Gregg Spiridellis: We’re in the silent film era of the online medium
In a new book about online video, Gregg Spiridellis of JibJab media is interviewed about the phenomenon of viral spread of video clips.
If you create something that’s interesting enough to a lot of people, they will pass it along. “This Land” was political satire that was hitting both sides equally. People were sending it to their entire address books without worrying about offending people.
Gregg Spiridellis, along with his brother Evan, became well-known over night for their political satire videoclip “This Land”, a cartoon showing of George W. Bush and John Kerry singing alternative lyrics to the song “This land is my land, this land is your land…”.
The clip was brought up as an example of the power that the internet is starting to put in the hands of normal people by Joe Trippi – the man who changed political campaigning through the use of blogs as campaign manager for Howard Dean in the US elections – at the Nätrot conference in Stockholm earlier this year. Trippi said:
The reason I show this to you is because during the elections, 65 million Americans viewed this in a two week period.

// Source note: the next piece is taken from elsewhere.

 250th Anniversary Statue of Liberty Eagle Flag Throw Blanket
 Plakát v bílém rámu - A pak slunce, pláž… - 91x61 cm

Only 21 million Americans watch the evening news on television on a regular basis.
This was not made by a multi-million dollar news agency, or an entertainment agency, it was made by two brothers with 500 dollars in a garage.

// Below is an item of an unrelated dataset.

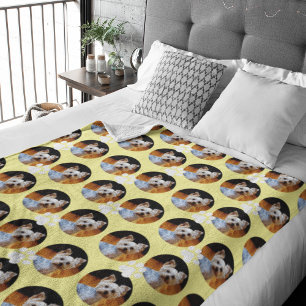 Modern Yellow Pet Photo Paw Print Pattern Cute Fleece Deken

Being original, smart and funny, and being it real quick seems to be the key to success. Not very surprisingly, perhaps. But exactly how the mechanisms behind viral spread work is not that clear. Spiridellis says:
Viral distribution is about creating something with enough entertainment value that someone wants to share it with a friend. Nobody knows what makes something go viral.
That’s what makes it so challenging. We’re in the silent film era of the online medium.
Apart from creating something that people really wants, likes or atleast reacts to, which seems like a fairly basic rule, Spiridellis has some more advice for up and coming video producers who want to make an impact on the web:
Keep to the short format – about 2 minutes – 4 is maximum, catch the viewer’s attention during the 5 first seconds – that’s about the time you’ve got, use music to hook the audience, and make sure people can contact you and offer you jobs – put your website address in the clip.
“This Land” is a good example of how the audience is caught immediately.
Music is great to hook an audience quickly, and you have to tell jokes very quickly. Every line in the song is a lyrical gag, and every lyrical gag has a visual gag. You’re creating something so dense, people want to watch it multiple times.
About the book
Scott Kirsner, blogging about “digital cinema, democratization, and other trends remaking the movies” at CinemaTech, recently published a book on online video, The Future of Web Video: Opportunities for Producers, Entrepreneurs, Media Companies and Advertisers (the link goes to Lulu where you can purchase it if you like, in either pocket or pdf format). You can also download a preview pdf of 17 pages (the book’s total is 100 pages).
The book has sections on how to get paid for your videos, about going viral, taking the step into tv, cellphones etc, on web feature films, advertising etc. Also some statistics and links.